How should you respond to your adult children when they need help with a financial problem?

When adult children experience financial problems, parents must respond with practical ways to help them grow financially.

A cash bailout is like applying a band-aid to a broken leg—it simply doesn’t solve the problem.  Families should be a safety net for their grown kids, but not a crutch.

We have an entire chapter in our third book devoted to this topic.

More Kids & Money Resources

For some great resources about having Money Smart Kids, check out our Pinterest board.

Check out this blog about Stopping Entitled Kids!
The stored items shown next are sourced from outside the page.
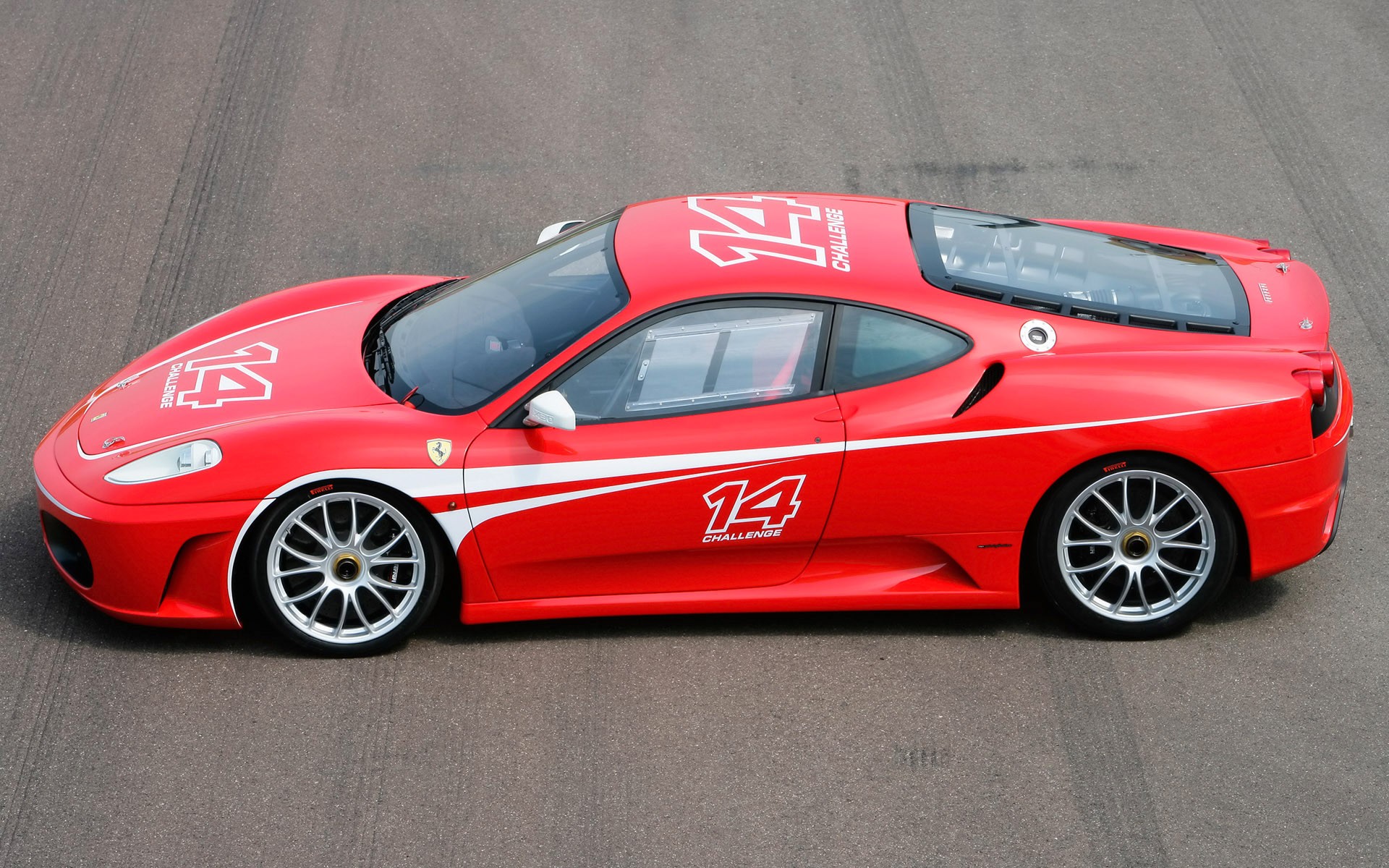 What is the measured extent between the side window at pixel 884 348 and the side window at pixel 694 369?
0.12m

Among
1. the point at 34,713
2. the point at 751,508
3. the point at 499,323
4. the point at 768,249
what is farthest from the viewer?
the point at 499,323

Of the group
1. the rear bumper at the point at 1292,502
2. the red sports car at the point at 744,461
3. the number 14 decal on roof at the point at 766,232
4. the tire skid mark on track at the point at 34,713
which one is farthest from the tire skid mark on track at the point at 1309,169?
the tire skid mark on track at the point at 34,713

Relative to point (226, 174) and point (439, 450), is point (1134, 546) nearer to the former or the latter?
point (439, 450)

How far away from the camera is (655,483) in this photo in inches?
199

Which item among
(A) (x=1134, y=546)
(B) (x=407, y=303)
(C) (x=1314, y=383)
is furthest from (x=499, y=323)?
(C) (x=1314, y=383)

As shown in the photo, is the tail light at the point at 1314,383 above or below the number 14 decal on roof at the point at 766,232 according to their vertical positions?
below

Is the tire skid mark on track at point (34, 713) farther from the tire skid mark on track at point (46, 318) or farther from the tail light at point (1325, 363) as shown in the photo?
the tail light at point (1325, 363)

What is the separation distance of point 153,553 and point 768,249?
2.52m

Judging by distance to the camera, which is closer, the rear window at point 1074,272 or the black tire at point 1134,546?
the black tire at point 1134,546

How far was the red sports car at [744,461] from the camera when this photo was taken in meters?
5.05

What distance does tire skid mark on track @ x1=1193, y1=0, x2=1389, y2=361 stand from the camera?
760 centimetres

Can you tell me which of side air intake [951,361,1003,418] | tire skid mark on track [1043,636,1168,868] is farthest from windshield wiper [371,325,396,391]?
tire skid mark on track [1043,636,1168,868]

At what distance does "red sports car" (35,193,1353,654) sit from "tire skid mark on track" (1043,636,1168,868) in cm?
22

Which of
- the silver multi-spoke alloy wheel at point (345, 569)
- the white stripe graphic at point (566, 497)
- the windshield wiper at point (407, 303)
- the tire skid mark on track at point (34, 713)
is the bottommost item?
the tire skid mark on track at point (34, 713) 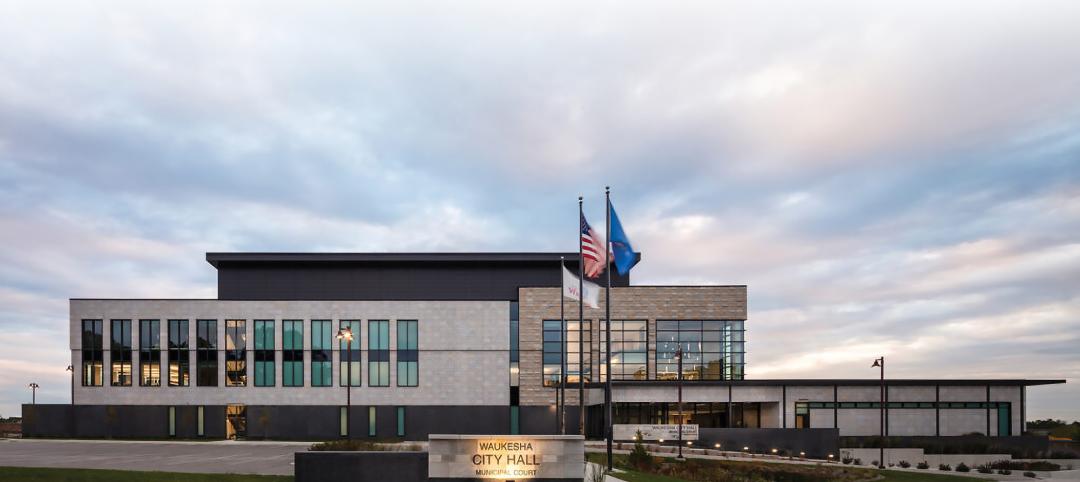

3 thoughts on “Money Smart Kids: Raising Financially Independent Children

  1. Deena C

    We just set this up yesterday for our 3 children! They are still learning the ropes and doing the work but forfeiting the point for complaining or arguing with siblings, but they are quickly learning. I have one child taking to this right away and already an extra point earned for helping another sibling without asking! I am really looking forward to watching them learn and feel good about teaching them how to budget!

  2. Roxanne

    This common sense system saved my sanity!! How do you teach kids to take care of things? By teaching them how to budget and buy their own items. I started making my kids buy everything sooner than what was suggested and now I have friends and family amazed at the responsibility the kids show after only a year and a half on the system!!! It is exactly what we needed and will have no regrets when my kids are grown about what they were taught!!

    1. Steve Economides Post author

      Roxanne!!! Thanks for sharing your experience. Your kids sound fantastic . . . and so do you. It’s so cool to see our kids grow strong in financial responsibility – they start by making small purchases and over time their financial confidence, earning ability, saving and purchase amounts increase. We’ve marveled as our kids have grown at the way they evaluate purchases – they are so far ahead of where we were at their ages.